Created 03-18-2025 09:07 PM
Hello everyone,
I am working with Apache NiFi and I encountered the following issue:
The file I need to get is CaryIL-ASTUDENTDI-2025-03-18-083011.csv. The number of files in the list will change daily, and my goal is to get the file with the latest timestamp in the format yyyy-MM-dd-HHmmss.
Specifically, I have 5 queues containing FlowFiles, and I want to merge all the FlowFiles into a single queue. After collecting the FlowFiles from these queues, I want to select the file with the most recent date based on the file name (which follows the yyyy-MM-dd-HHmmss.csv format), and move the FlowFile with the latest date into one queue for further processing. Please refer to the attached file.
I also tried passing them through an ExecuteGroovyScript, but it seems that it processes each queue sequentially, not merging the 5 queues into one and then finding the Latest Date time. Below is the ExecuteGroovyScript code snippet.
def flowFiles = session.get()
if (flowFiles != null && flowFiles.iterator().hasNext()) {
    def maxLastModified = null
    def maxFile = null
    def maxFileDate = null
    def fileList = new StringBuilder()
    flowFiles.each { flowFile ->
        def filename = flowFile.getAttribute('filename')
        def lastModified = flowFile.getAttribute('s3.lastModified')
        log.info("Xử lý tệp: " + filename + ", s3.lastModified: " + lastModified)
        if (lastModified != null) {
            fileList.append("Filename: ${filename}, s3.lastModified: ${lastModified}\n")
            if (maxLastModified == null || Long.parseLong(lastModified) > Long.parseLong(maxLastModified)) {
                maxLastModified = lastModified
                maxFile = flowFile
                maxFileDate = new Date(Long.parseLong(lastModified)).format("yyyy-MM-dd-HHmmss")
            }
        }
    }
    if (maxFile != null && maxFileDate != null) {
        def newFlowFile = session.create()
        newFlowFile = session.putAttribute(newFlowFile, "filename", maxFile.getAttribute('filename'))
        newFlowFile = session.putAttribute(newFlowFile, "s3.bucket", maxFile.getAttribute('s3.bucket'))
        newFlowFile = session.putAttribute(newFlowFile, "s3.region", maxFile.getAttribute('s3.region'))
        newFlowFile = session.putAttribute(newFlowFile, "file_date", maxFileDate)
        newFlowFile = session.putAttribute(newFlowFile, "max_file_date", maxFileDate)
        newFlowFile = session.putAttribute(newFlowFile, "latest_date", maxFileDate)
        newFlowFile = session.putAttribute(newFlowFile, "s3.lastModified", maxLastModified)

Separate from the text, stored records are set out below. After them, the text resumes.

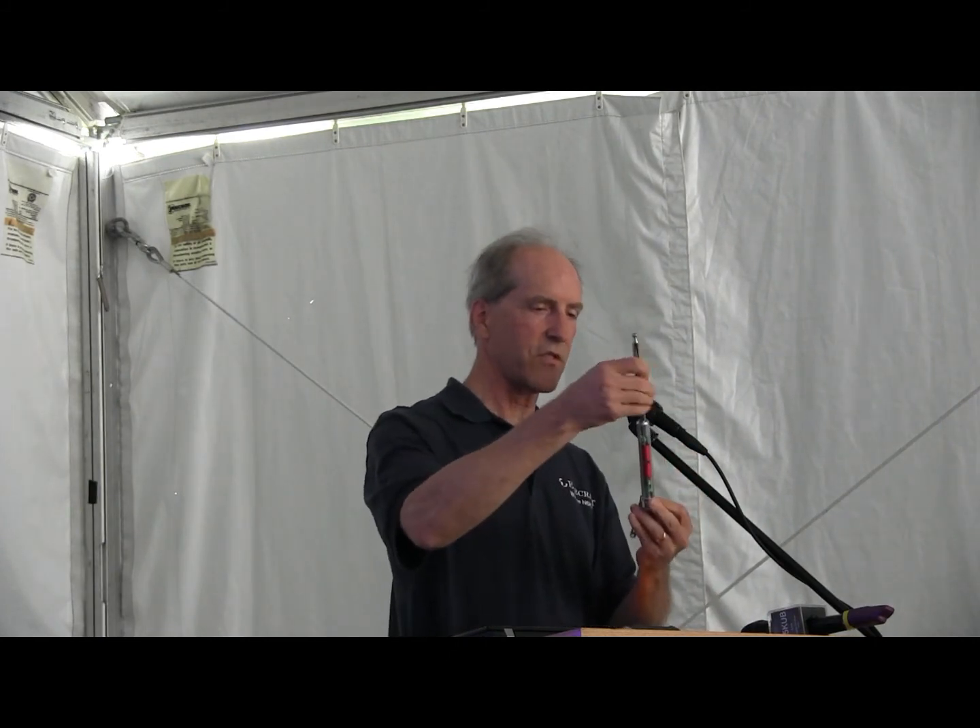There are a couple other things that go with the new AX product line. One of them is something called a bipod. It turns out there's a bipod that can be used to hold up one end of an antenna. If you just take our AX1 and snap it into this clip, this can then be attached to your radio.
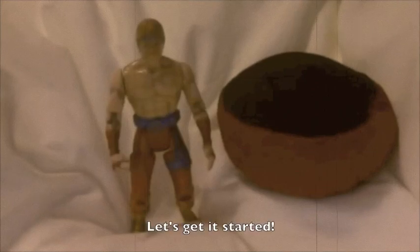This is a tuna can. It's one meter in diameter. This one's a royal saver, but there are many, many more colors to choose from. Let's get it started.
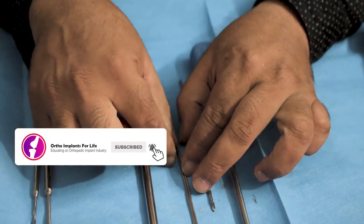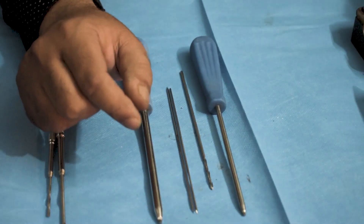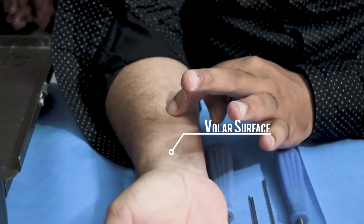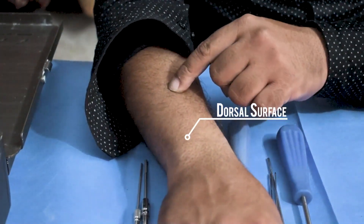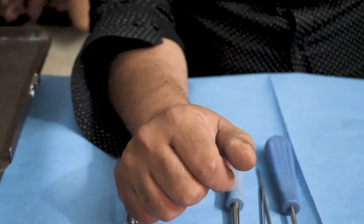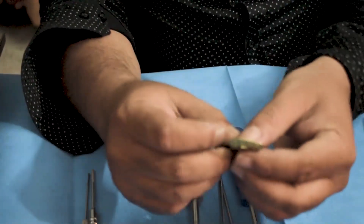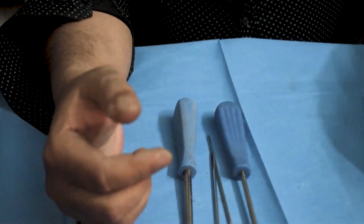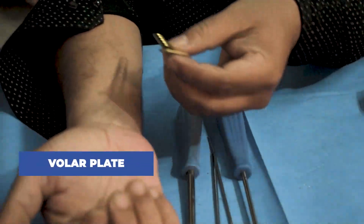Apart from that, distal radius fracture can also be fixed using plates. This surface is called the volar surface and this side is known as the dorsal surface. Here we are going to discuss the plate which is to be used for the volar surface. This is a volar plate.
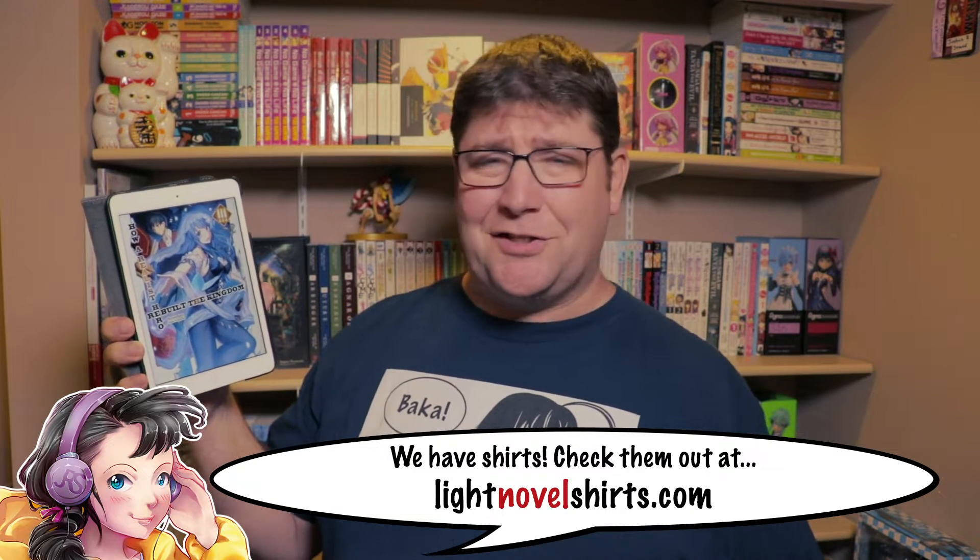So if you love light novels or you're just getting into them, you should consider subscribing. In this video I'm going to be reviewing volume number three of How a Realist Hero Rebuilt the Kingdom by Dojiomaru, released in English by J-Novel Club.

        newFlowFile = session.write(newFlowFile, { outputStream ->
            outputStream.write(fileList.toString().getBytes())
        } as OutputStreamCallback)
        session.transfer(newFlowFile, REL_SUCCESS)
        log.info("Tạo FlowFile mới cho tệp mới nhất: " + maxFile.getAttribute('filename') + ", max_file_date: " + maxFileDate)
    } else {
        log.warn("Không tìm thấy s3.lastModified hợp lệ. Không có tệp nào được xử lý.")
        flowFiles.each { flowFile ->
            session.transfer(flowFile, REL_FAILURE)
        }
    }
    flowFiles.each { flowFile ->
        session.remove(flowFile)
    }
    log.info("Danh sách tất cả tệp đã xử lý: " + fileList.toString())
} else {
    log.warn("Không có FlowFiles nào trong hàng đợi.")
}
Created 10-25-2025 09:04 PM
Use the Funnel processor to merge the different queues into a single one and then you can specify more than one file for the get
def flowFiles = session.get(10)